PROBLEM REQUIREMENTS
The required answer is the run of lines from the one holding "Sensor de estacionamento" to the end of the data below, copied exactly and free of pictures.

INFORMATION PROVIDED
------------------------------------------------------------

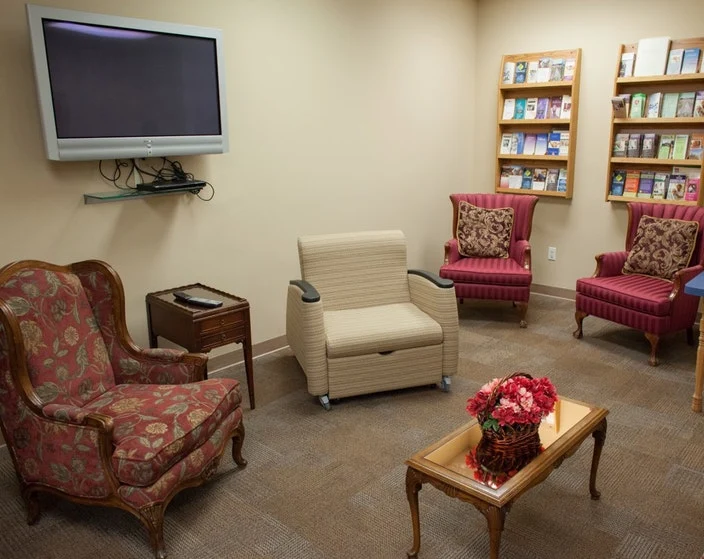 Image of Citadel at Saint Benedict Senior Living (3)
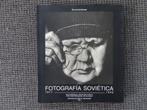 Russische fotografen 1917-1940, 64 blz over A. Rodtchenko, Boeken, Kunst en Cultuur | Fotografie en Design, Gelezen, Fotografen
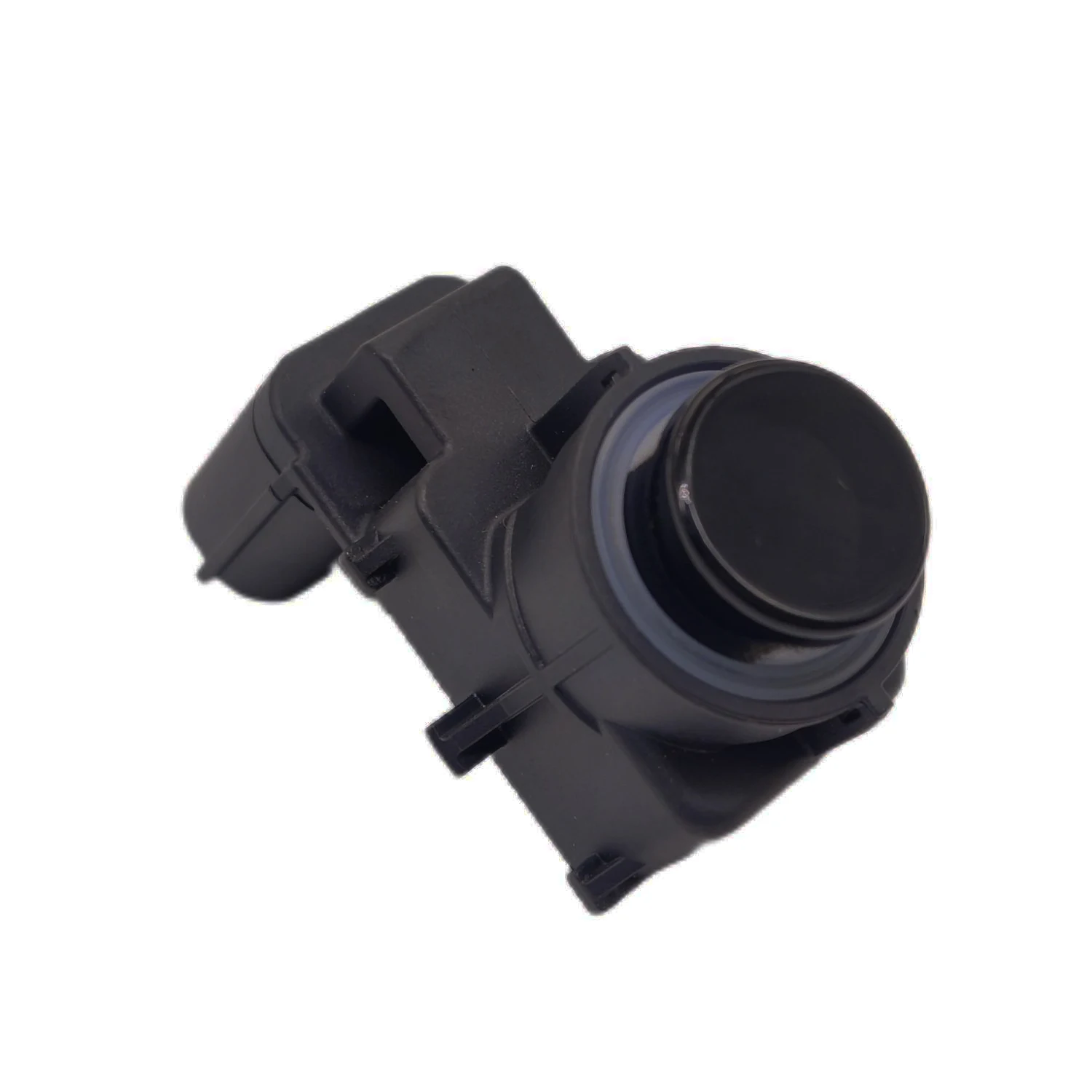 Sensor de estacionamento PDC para Honda, cor do radar, preto brilhante, 39680-3S5-A010-M1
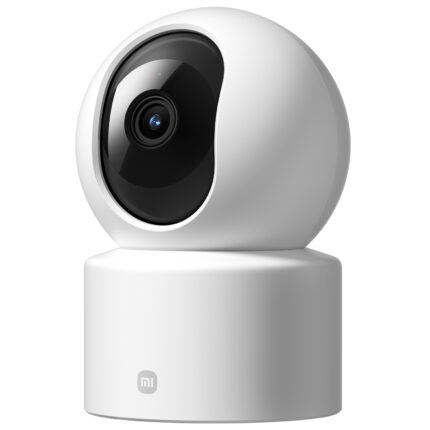 Smart C301 2K Indoor Wi-Fi Security Camera-White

------------------------------------------------------------

REPLY TO THE EXERCISE
 Sensor de estacionamento PDC para Honda, cor do radar, preto brilhante, 39680-3S5-A010-M1
 Smart C301 2K Indoor Wi-Fi Security Camera-White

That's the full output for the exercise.